Vielleicht ist J. D. Vance für diese potenziellen Wählerinnern und Wähler nur männlich, weiß und elitär. Zwar gibt es Spekulationen, dass seine von indischen Einwanderern abstammende Ehefrau Usha Chilukuri Vance Sympathien bei anderen Amerikanern mit Migrationshintergrund erzeugen könnte. Eine Garantie dafür gibt es aber nicht.

Mit seiner radikalen Haltung gegen Abtreibungsrechte bietet J. D. Vance den Demokraten im Wahlkampf außerdem eine offene Flanke, weit hinein in Wählerschichten, die normalerweise republikanisch wählen. Sein Hinweis, den er 2022 Eltern gab, sie sollten "zum Wohle ihrer Kinder" zusammenbleiben, auch wenn sie eine Ehe voller Gewalt führen, könnte ebenfalls weite Teile Amerikas irritieren. Im Wahlkampf jedenfalls bekommt es Vance unter anderem bei einem geplanten TV-Duell mit Joe Bidens Vizepräsidentin Kamala Harris zu tun. Als Frau und ehemalige Generalstaatsanwältin hat sie bei diesen Themen einen klaren Vorteil.

Was ist Donald Trumps eigentlicher Plan?

Warum aber hat sich Donald Trump sich dann für ihn entschieden? Insgesamt wirkt J. D. Vance, der gerade mal halb so alt ist wie Trump, mit seinen politischen Positionen wie dessen jüngerer Kronprinz. Sollte der einmal nicht mehr in der Lage sein, Politik zu machen, wäre J. D. Vance so etwas wie sein Erbe auf dem MAGA-Thron. Die Zukunft der republikanischen Partei bekommt mit ihm dann endgültig ein radikales Gesicht und ist eine Überlebensversicherung für Trumps geschaffene, politische Bewegung.

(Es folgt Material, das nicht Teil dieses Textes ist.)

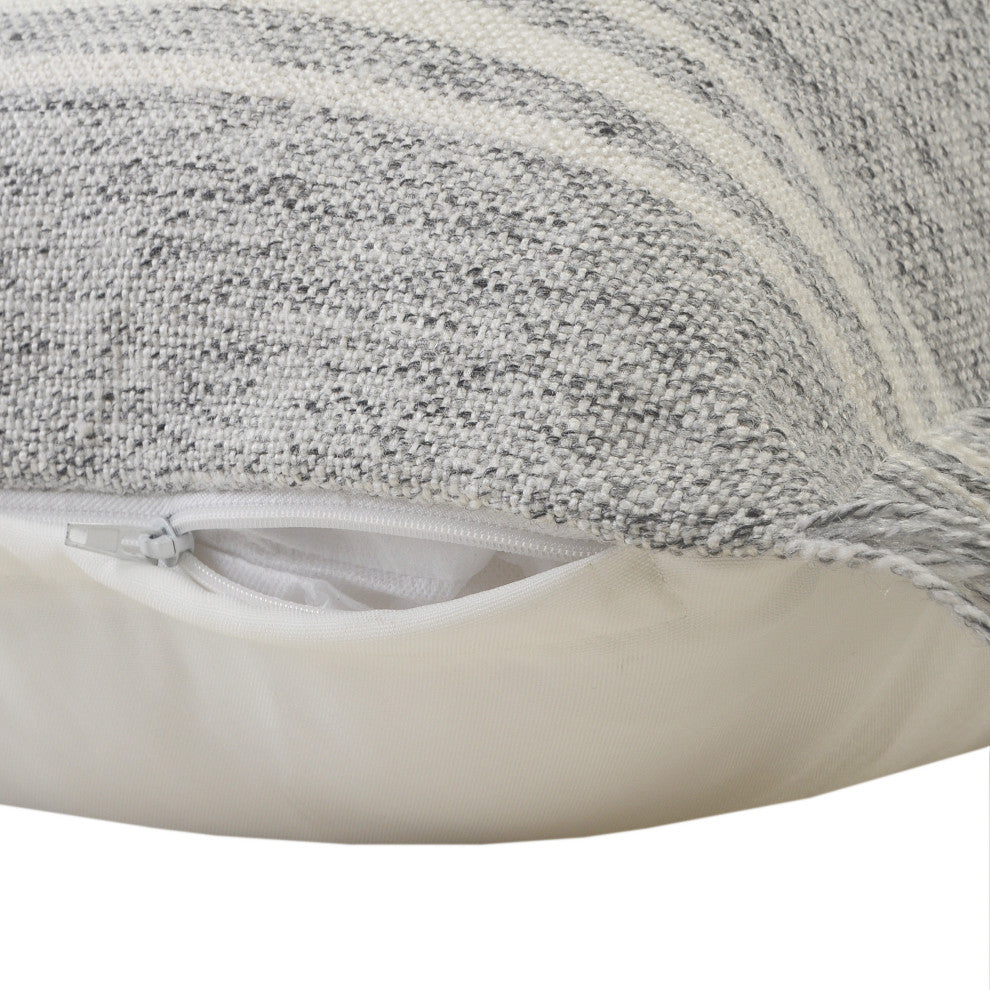 Farmhouse Triple Stripe Throw Pillow with Fringe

Und so könnte hinter seinem Entschluss eine Strategie stecken, die erst auf den dritten Blick erkennbar ist: Denn, was Donald Trump im Wahlkampf unter allen Umständen vermeiden will, sind jegliche Anzeichen von Schwäche. Hätte er eine Frau als Vizekandidatin gewählt oder jemanden, der mangelhafte Eigenschaften von ihm ausgleichen soll, würde er wohl implizit zugeben, dass ihm selbst bestimmte Qualitäten fehlen. Als er vor seinem ersten Wahlkampf 2016 einst Mike Pence als seinen Stellvertreter wählte, benötigte Trump noch die Zustimmung argwöhnischer Wähler aus dem mittleren Westen, insbesondere von Evangelikalen.

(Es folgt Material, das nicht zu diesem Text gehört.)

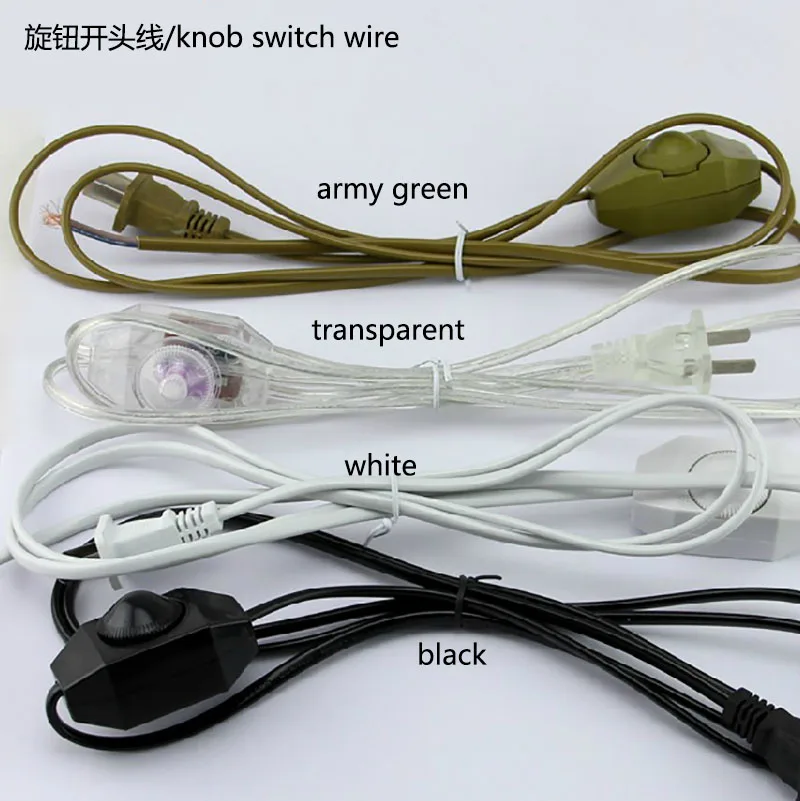 1 piece 1.8m length dimmer knob switch wire desk lamp floor lamp power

In diesem Wahlkampf 2024 fühlt sich Donald Trump, beflügelt von seinen guten Umfragewerten, offenbar deutlich stärker als noch vor acht oder vier Jahren. So hat er etwa die Evangelikalen längst auf seiner Seite. Mit einem Obersten Gerichtshof, der wohl auf Jahrzehnte hinaus mit einer erzkonservativen Mehrheit besetzt ist, hat er ihnen das wohl größte Geschenk überhaupt gemacht. Für diese Gruppe braucht Donald Trump also keinen neuen Mike Pence, keinen, der netter und glaubwürdiger wirkt als er selbst.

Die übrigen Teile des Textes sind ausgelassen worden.